By Chris Allen Brown/Associate Editor

Sometimes there’s just a song that hits you. And the more you listen, the faster it races home.

Eric Church’s 2014 hit single “Talladega” was wrote about as far from Talladega Superspeedway — Albany, New York — as one can get. But as Church and Luke Laird, the song’s co-writer, watched the Coke Zero 400 (from Daytona International Speedway in Florida) from Church’s tour bus outside the Times Union Center — home of the 2014 WGNA Countryfest — something clicked inside the Granite Falls, North Carolina native.

Something that clicked inside of me nearly 20 years ago.

“It’s about that experience, whatever that is: the experience with the person next to you and knowing that that’s probably a finite time in your life,” Church told Billboard Country in October 2014. “It’s not going to last forever.”

As a toddler during the 1990s, my grandfather worked security at Talladega Superspeedway. The two highlights I vaguely remember is receiving an autograph from Mark Martin — my then favorite driver — and my grandfather trying to sneak my family into a race, a race which was ultimately won by Dale Earnhardt, Sr.

But that’s where it began; that’s when a tradition was born.

Throughout the next decade, NASCAR was the common ground for me, my grandfather and my dad. Every Sunday, some combination of that trio would be sitting in front of a television as those cars rolled on. I remember pulling out a tooth during a Pocono race and staying up late on a Sunday night watching the Coca-Cola 600.

Then there was Talladega. The track that rests 35 minutes from a blue-roofed house I’ve called home for as long as I can remember. It was going to be my “home track” when I broke onto the NASCAR Monster Energy Cup Series circuit — then the Winston Cup when I was a kid — but the existent of my racing career was left to “what ifs” and video games.

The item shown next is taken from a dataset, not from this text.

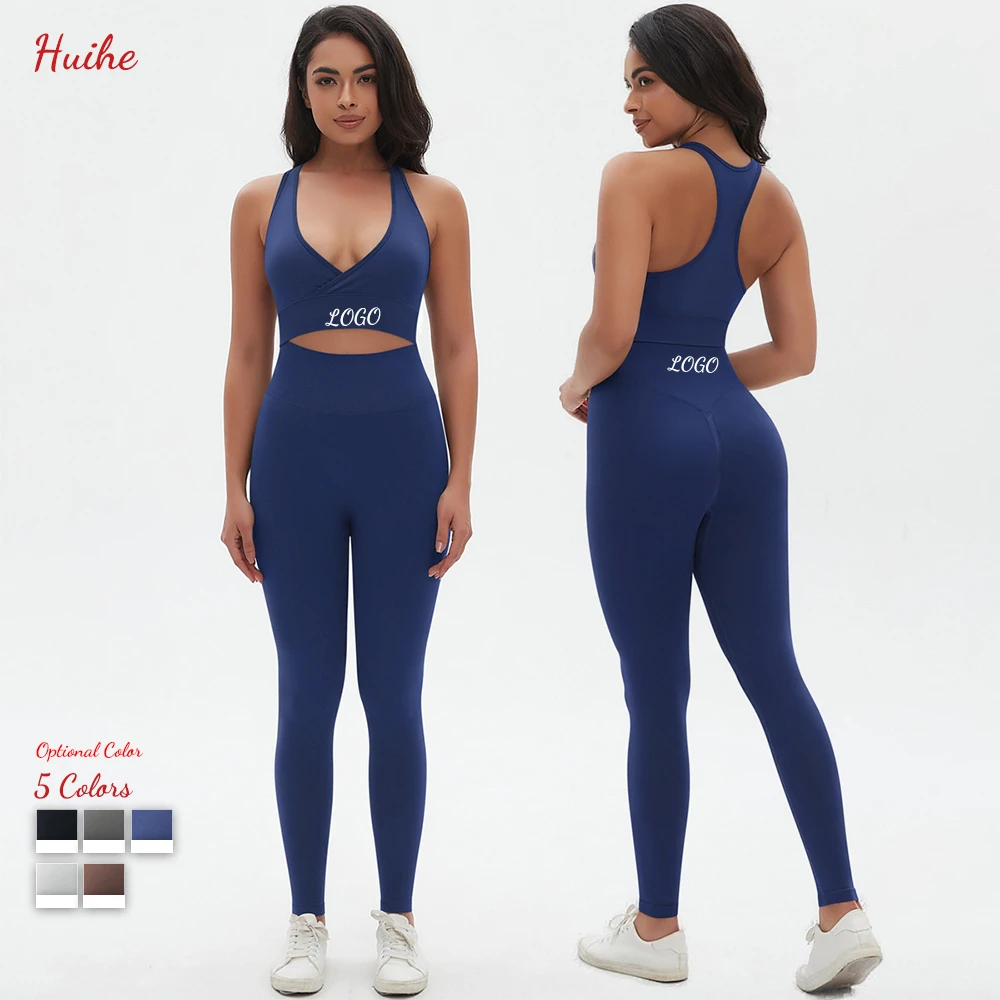 HUIHE Custom logo Women Sexy V-neck Cross Sports Yoga Bra Buttock Lift Trousers Woman Pilates Running Fitness Yoga Set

Twice a year, my entire family gathered around a big-screen television while hamburgers and hot dogs cooked on the grill. I’d have an AMP Energy Drink in one hand as the other fist pumped as Dale Earnhardt, Jr., led the field around and around and around.

“Like a stone, time rolls on / You can’t hit pause, that’s just the deal / Most days in life don’t stand out / But life’s about those days that will”

As time passed, those moments drove further away. With no red flag in sight, the distance between smiles and memories grew wider. It was no one’s fault; time rolls on and you can’t hit pause.

But recently, NASCAR has been one of the common grounds between me and my best friends, Blaire and Nathan Fulmer. Blaire, like myself, grew up watching races with her dad. Nathan coasted through last year’s “pick ‘em” due to Martin Truex, Jr., winning — what felt like — every race.

A few years ago, the three of us attended a race a Talladega. I couldn’t tell you who won or what month the race was in. But what I can tell you about are the memories: waking up at 7:00 A.M., playing cornhole as the Alabama sun was breaking and playing a game to pass the time.

(There were a lot more Jimmie Johnson shirts at that race than I would’ve initially thought.)

That’s what Eric Church intended to write about when he penned “Talladega.” He wanted listeners to be able to close their eyes and think about being shoulder to shoulder with your best friends, your children or even complete strangers.

“We were laughing and living, drinking and wishing / And thinking as that checkered flag was waving / Sure would like to stay in, Talladega.”